Comment by jesse__
20 hours ago
If you're planning on shutting down, what's the fundamental difference between throwing an exception, vs simply complaining loudly and calling exit() ..?
20 hours ago
If you're planning on shutting down, what's the fundamental difference between throwing an exception, vs simply complaining loudly and calling exit() ..?
Sometimes it’s useful to handle the exception somewhere near its origin so you can close related resources, lockfiles, etc. without needing a VB6 style “On Error GoTo X” global error handler that has to account for all different contexts under which the exceptional situation might have occurred.
Your process can crash or be killed at any moment anyway. Depending on in-band cleanup is not reliable.
Sure, but there are many cases where you don't have to halt because you can cleanup and carry on.

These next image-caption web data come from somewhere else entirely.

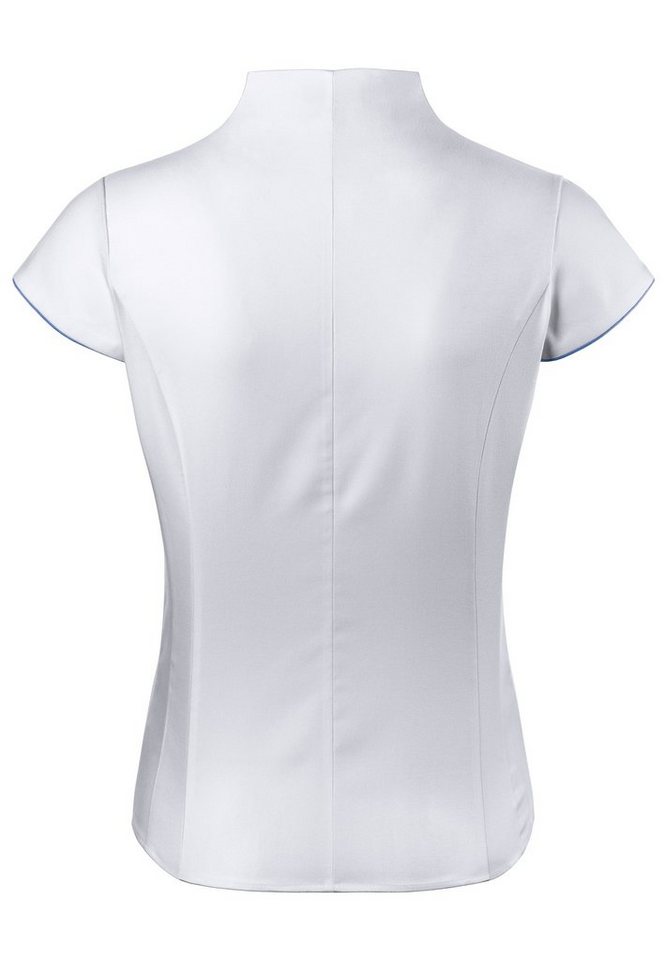 Vincenzo Boretti Klassische Bluse leicht tailliert soft Oxford Kelchkragen Kurzarm – Bild 3 von 3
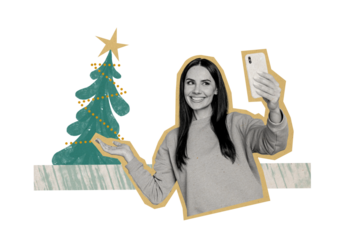 Composite trend artwork 3D sketch image photo collage of new year christmas holiday eve tree theme decor young lady smile selfie mobile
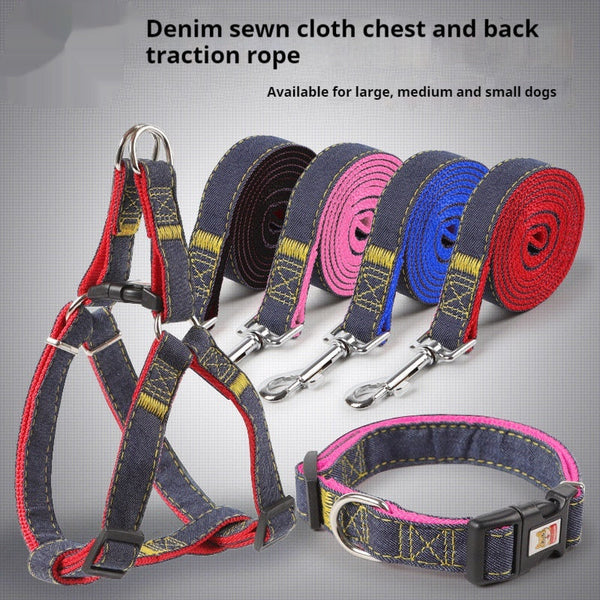 HKM-7489085 Red, Blue, Pink, or Black Dog Leash Set for Front & Back Traction - Denim Material - Includes Collar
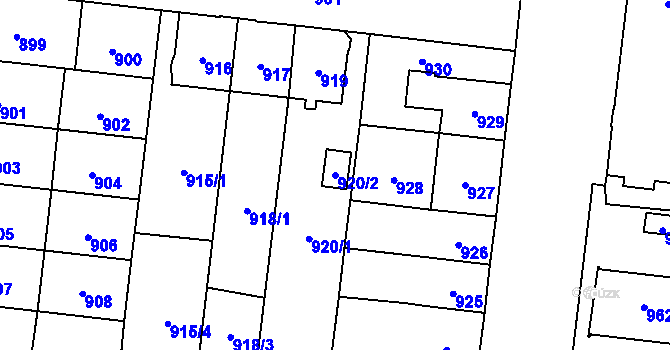 Parcela st. 920/2 v KÚ České Budějovice 7, Katastrální mapa
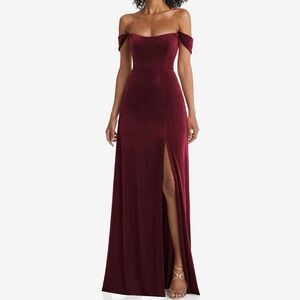 After‎ Six Dessy 1551 - Off-the-Shoulder Flounce Sleeve Velvet Gown size 0
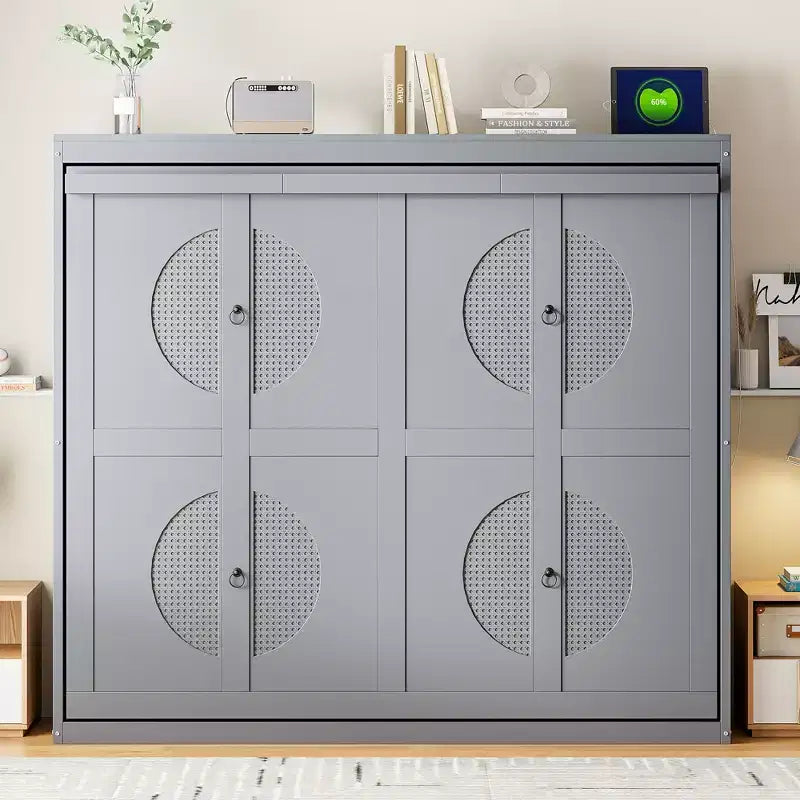 Letto a scomparsa in legno GDFStudio con porte di ricarica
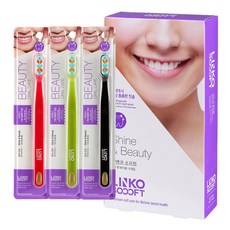 LINKO Shine & Beauty 軟毛牙刷 粉紅色 2入 + 綠色 2入 + 深棕色 2入 套組, 1套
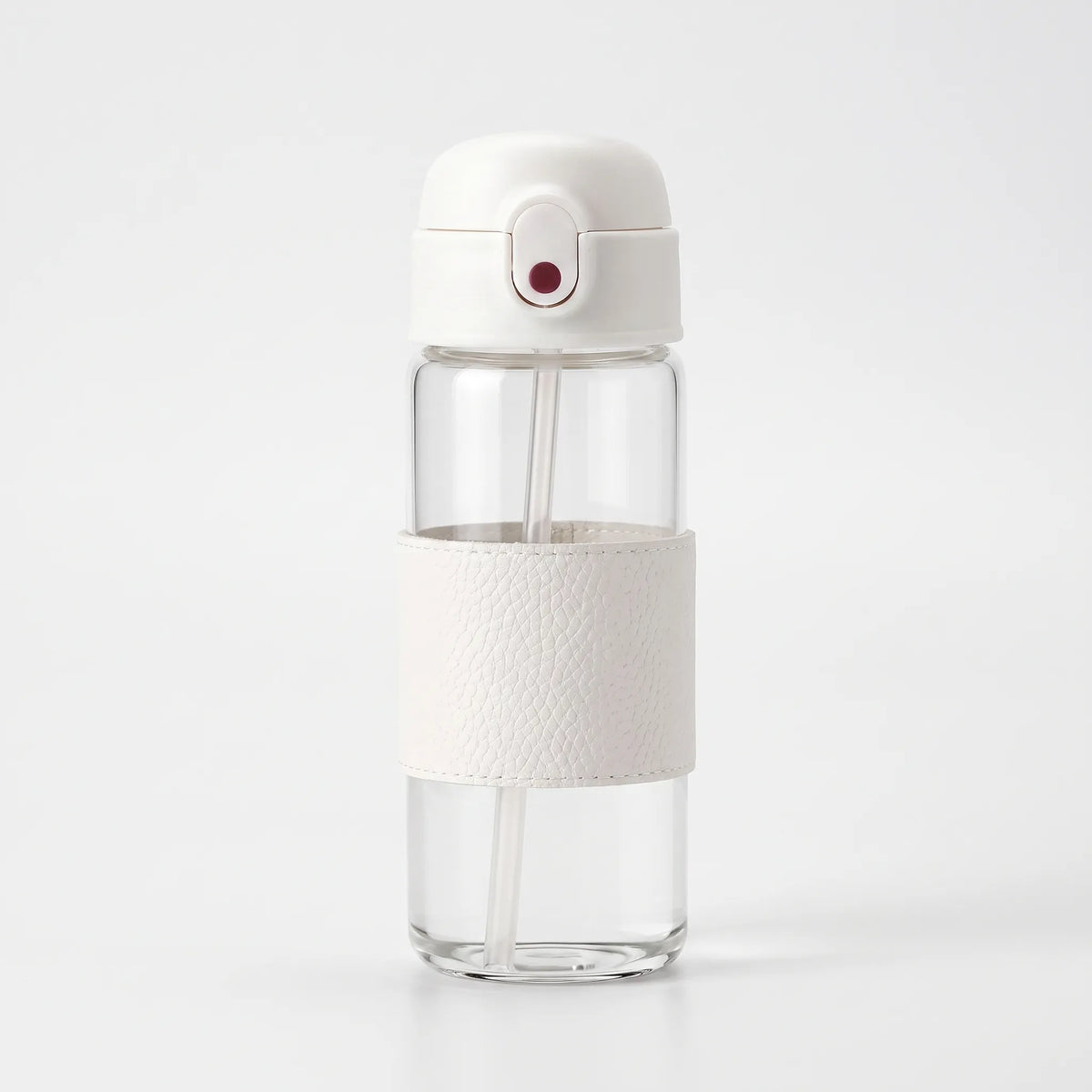 Botella de agua de vidrio con agarre texturizado, botón pulsador y pajita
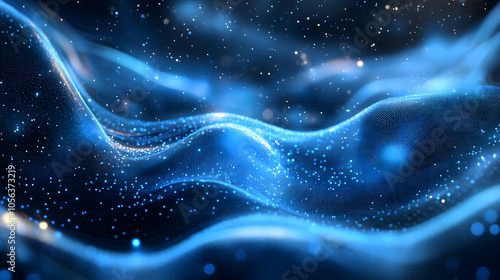 Abstract Blue 3D Background with Glowing Particles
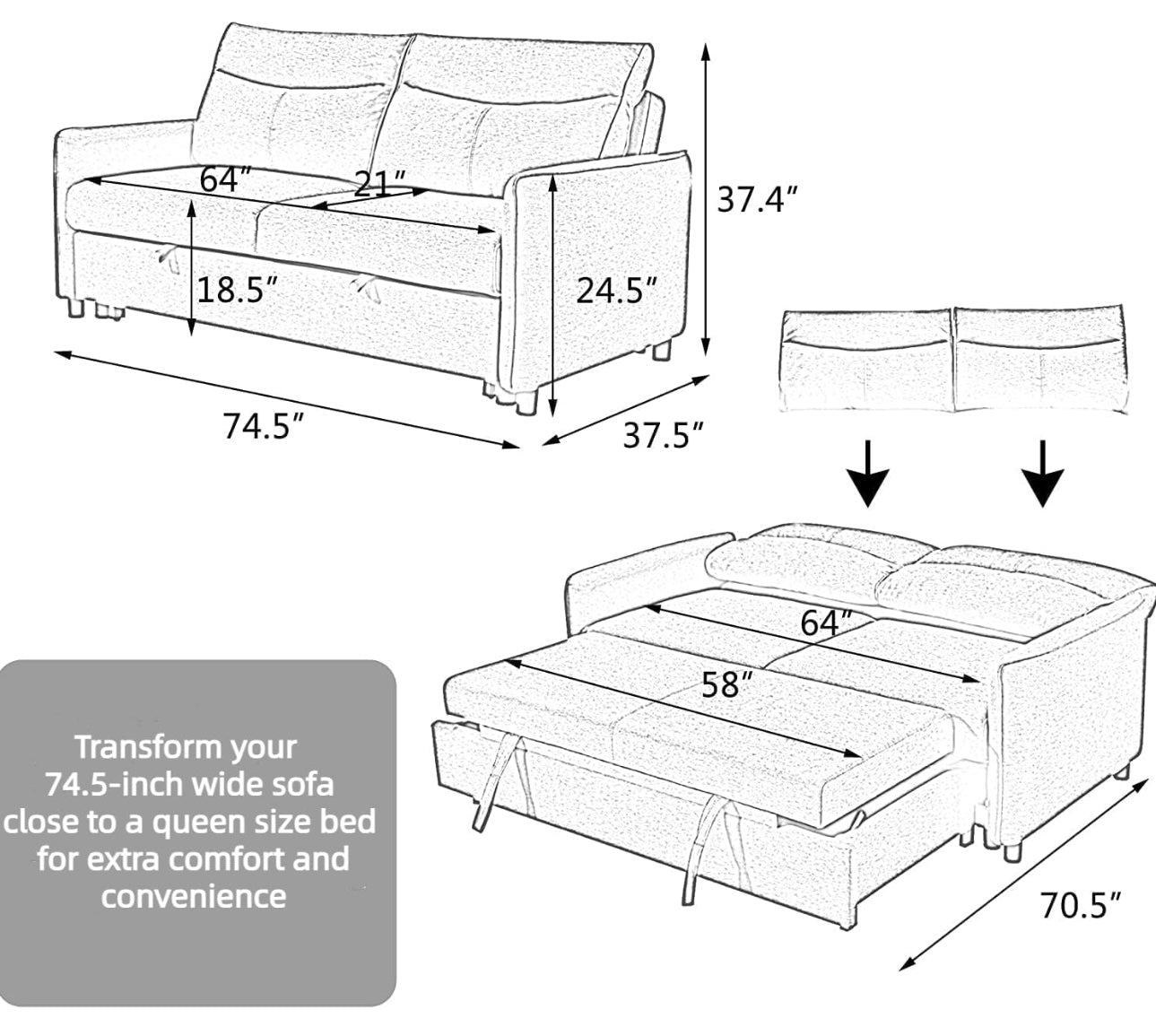 75'' Convertible Sleeper Sofa Bed, King/Queen Size Loveseat Futon Pull Out Couch Sofá, Comfortable Modern Love Seat that Turns into Bed for Living Room Small Space, Apartment, RV Hide-a-Bed Sofabed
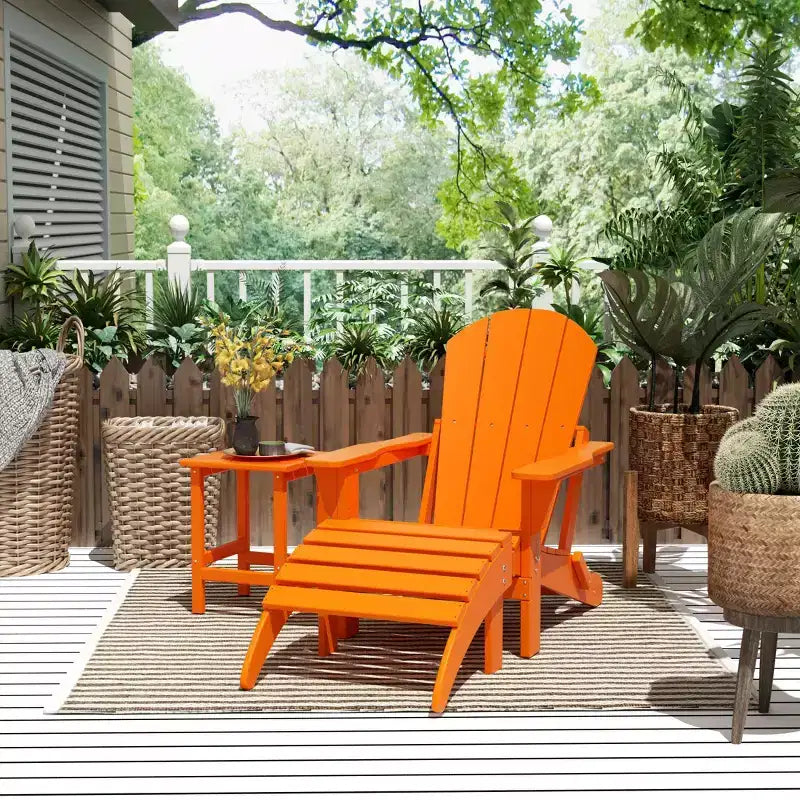 WestinTrends Malibu HDPE Outdoor Patio Folding Poly Adirondack Chair with Ottoman and Side Table (3-Piece)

> a VB6 style “On Error GoTo X” global error handler that has to account for all different contexts under which the exceptional situation might have occurred
... That seems like a pretty accurate description of how exception handling mechanisms are implemented under the hood. :)
The code that's throwing an exception typically does not know that the exception catcher will shut anything down.
And - very often, you would _not_ shut down. Examples:
* Failure/error in an individual operation or action does not invalidate all others in the set of stuff to be done.
* Failure/error regarding the interaction with one user does not mean the interaction with other users also has to fail.
* Some things can be retried after failing, and may succeed later: I/O; things involving resource use, etc.
* Some actions have more than one way to perform them, with the calling code not being able to know apriori whether all of them are appropriate. So, it tries one of them, if it fails tries another etc.